* What you have to do *
Print only the lines running from the line with "Grass-Fed Whey Protein" to the final line below, both included, exactly as written and without the pictures.

--- START ---

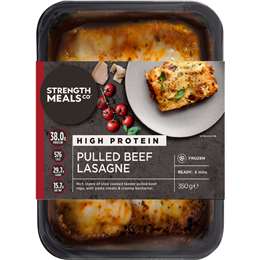 Strength Meals Co Frozen Pulled Beef Lasagne High Protein 350g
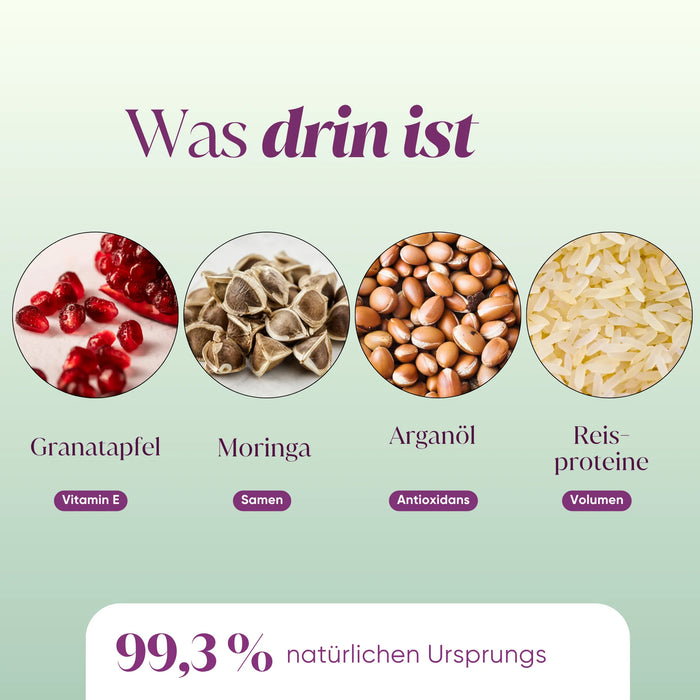 Inhaltsstoffe des Shampoos: Granatapfel, Moringa, Arganöl, Reisproteine, 99,3 % natürlichen Ursprungs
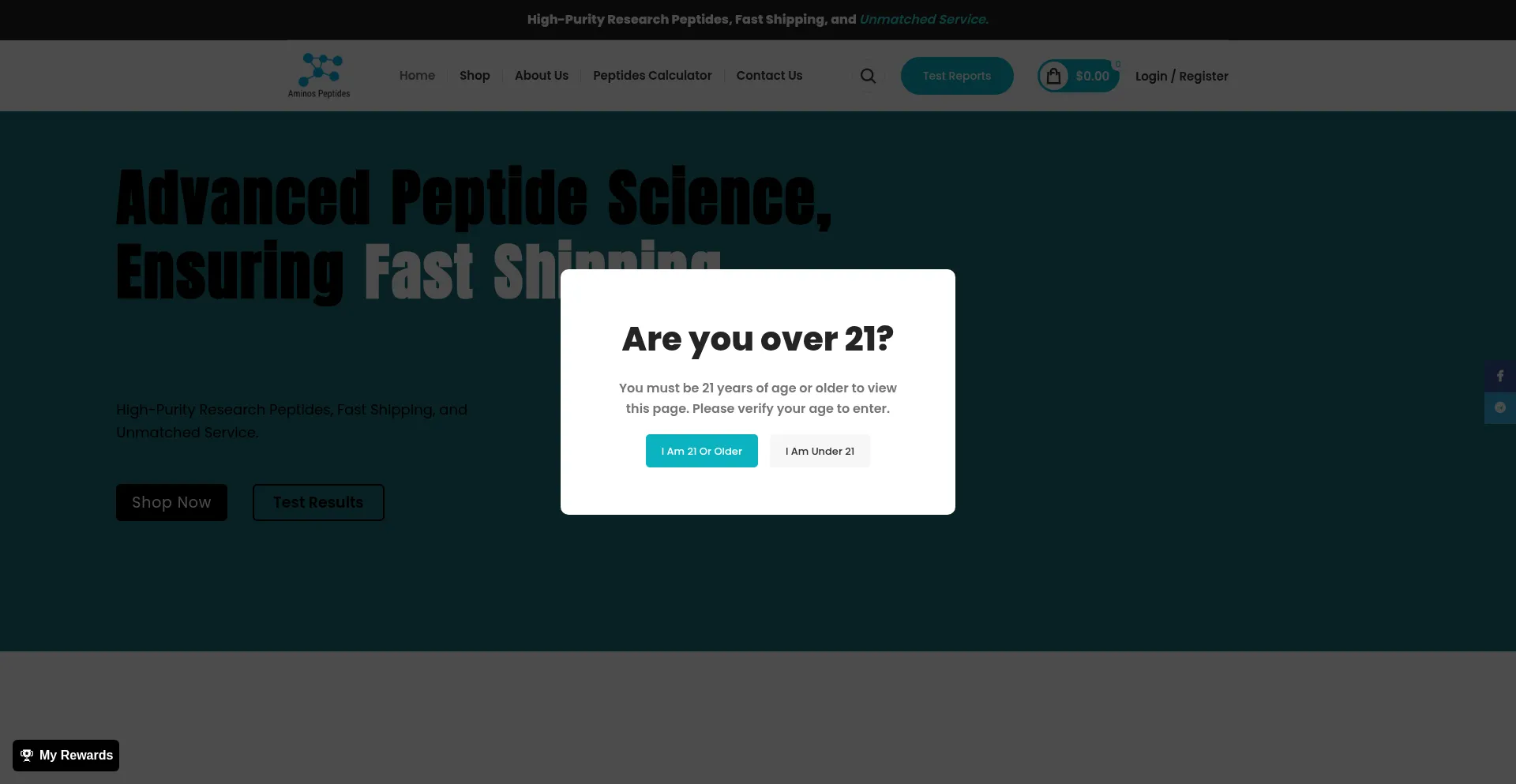 Website screenshot of Aminospeptides.com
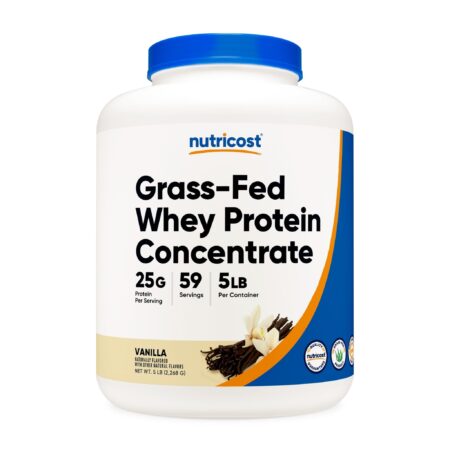 Grass-Fed Whey Protein Concentrate Powder Vanilla (5 LB)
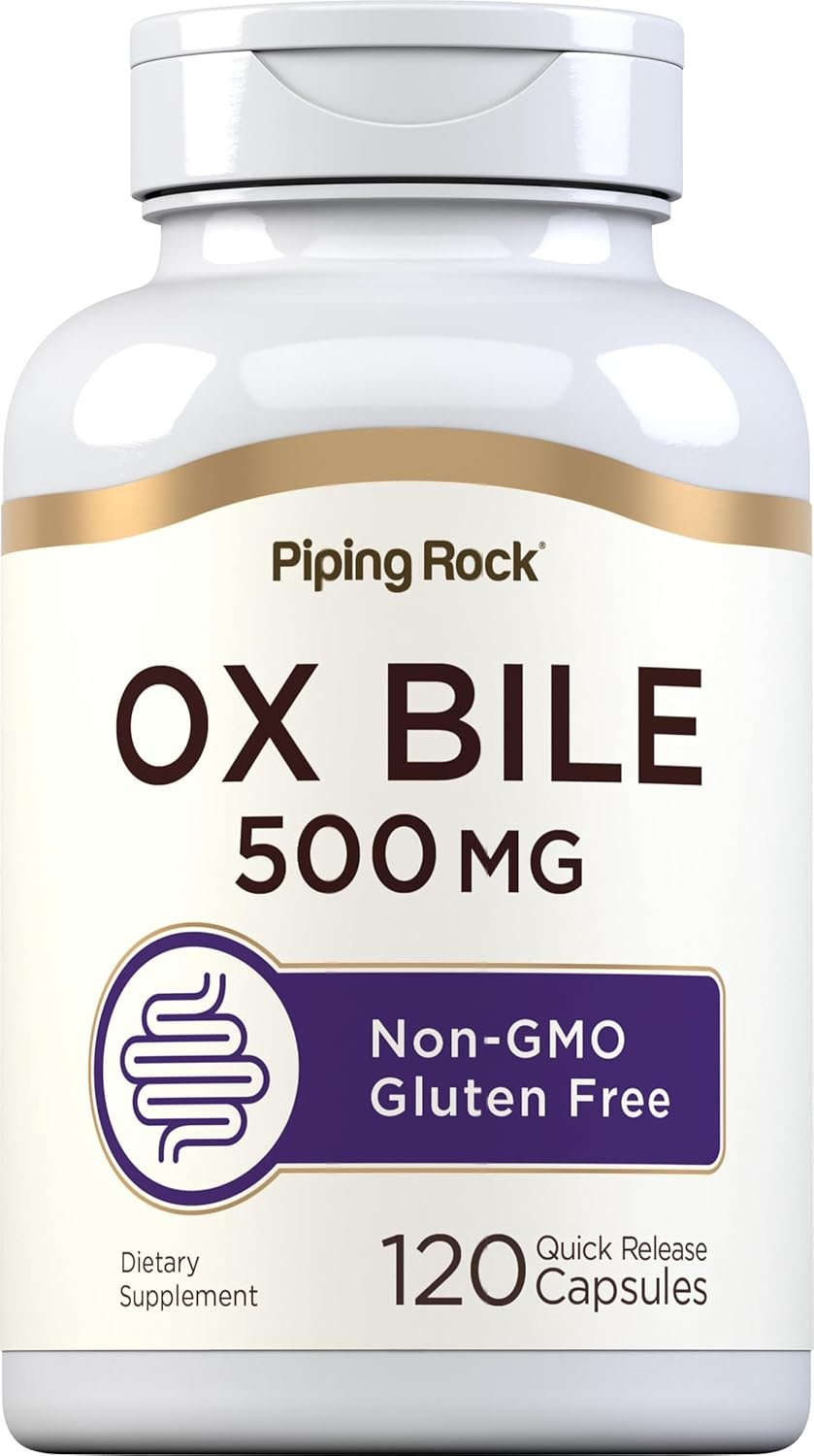 Ox Bile Supplement 500Mg | 100 Capsules | Digestive Enzyme | Non-Gmo, Gluten Free | by Piping Rock image number 5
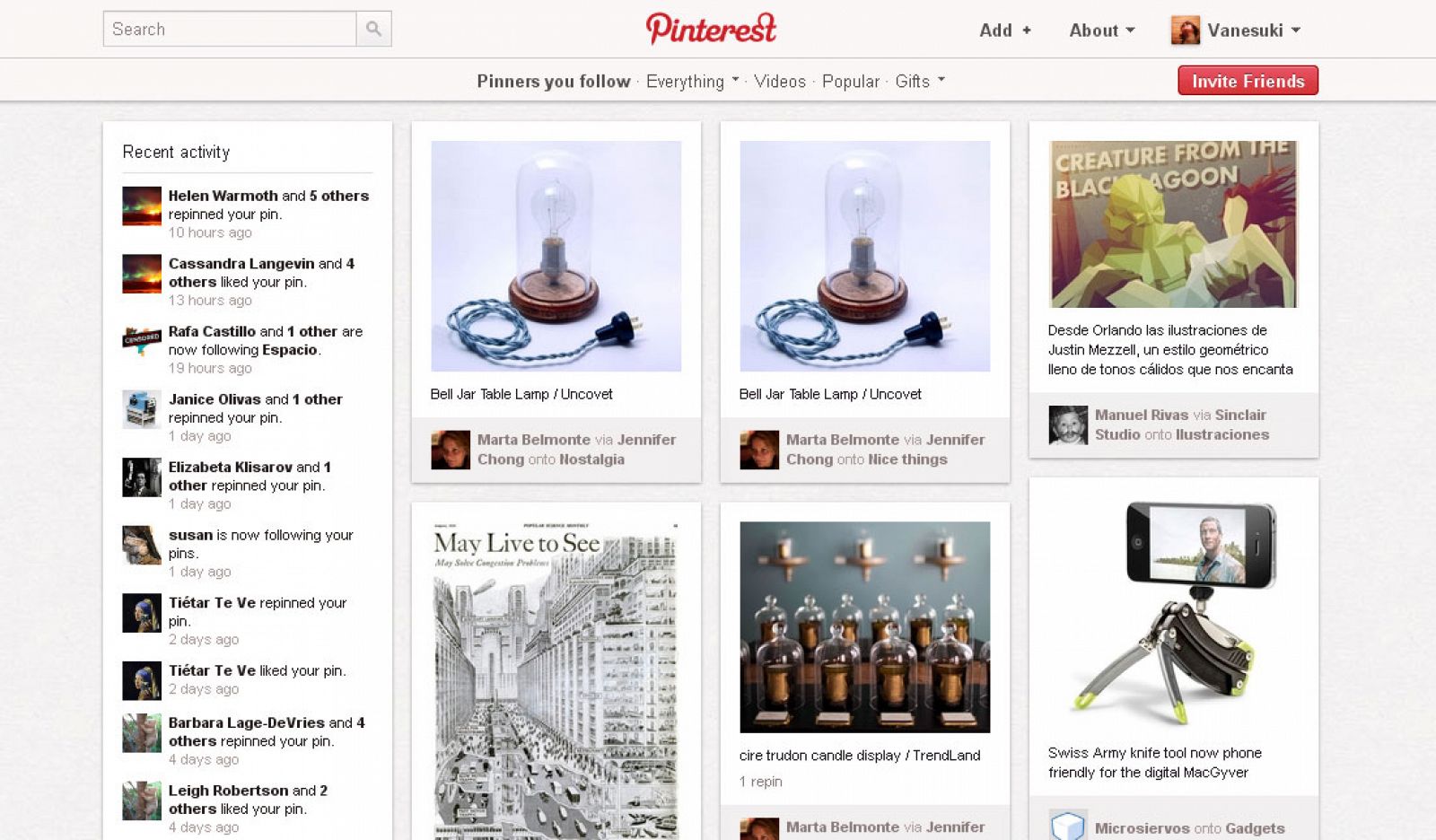 Pinterest, la red social donde se van 'pinchando' imágenes en tablones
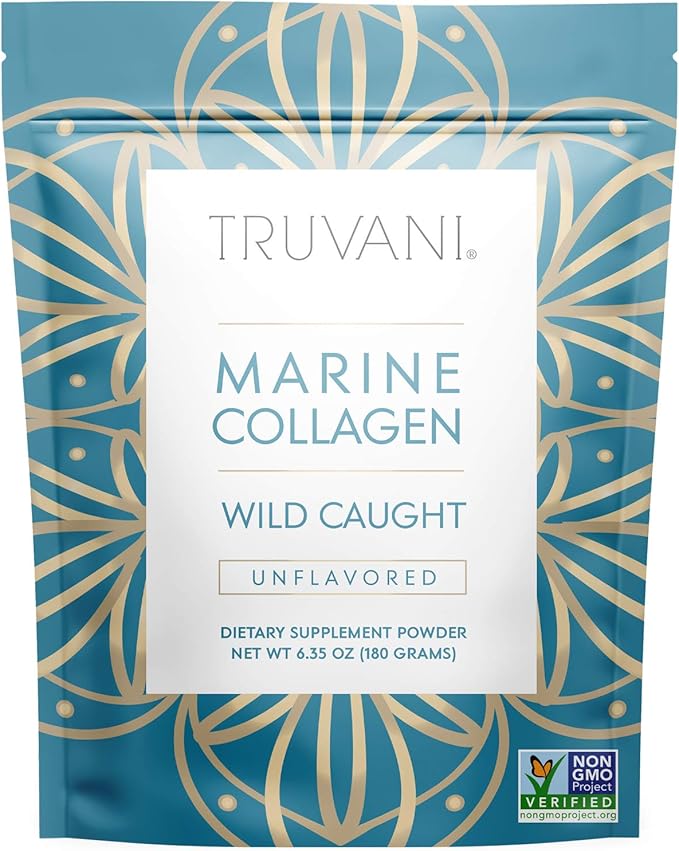 Truvani Wild Caught Hydrolyzed Marine Collagen Protein Powder | Collagen Protein Supplement with Type 12 &amp 3 | Non-GMO | Gluten Free Fish Collagen | 15 Servings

--- END ---

* Result for this task *
 Grass-Fed Whey Protein Concentrate Powder Vanilla (5 LB)
 Ox Bile Supplement 500Mg | 100 Capsules | Digestive Enzyme | Non-Gmo, Gluten Free | by Piping Rock image number 5
 Pinterest, la red social donde se van 'pinchando' imágenes en tablones
 Truvani Wild Caught Hydrolyzed Marine Collagen Protein Powder | Collagen Protein Supplement with Type 12 &amp 3 | Non-GMO | Gluten Free Fish Collagen | 15 Servings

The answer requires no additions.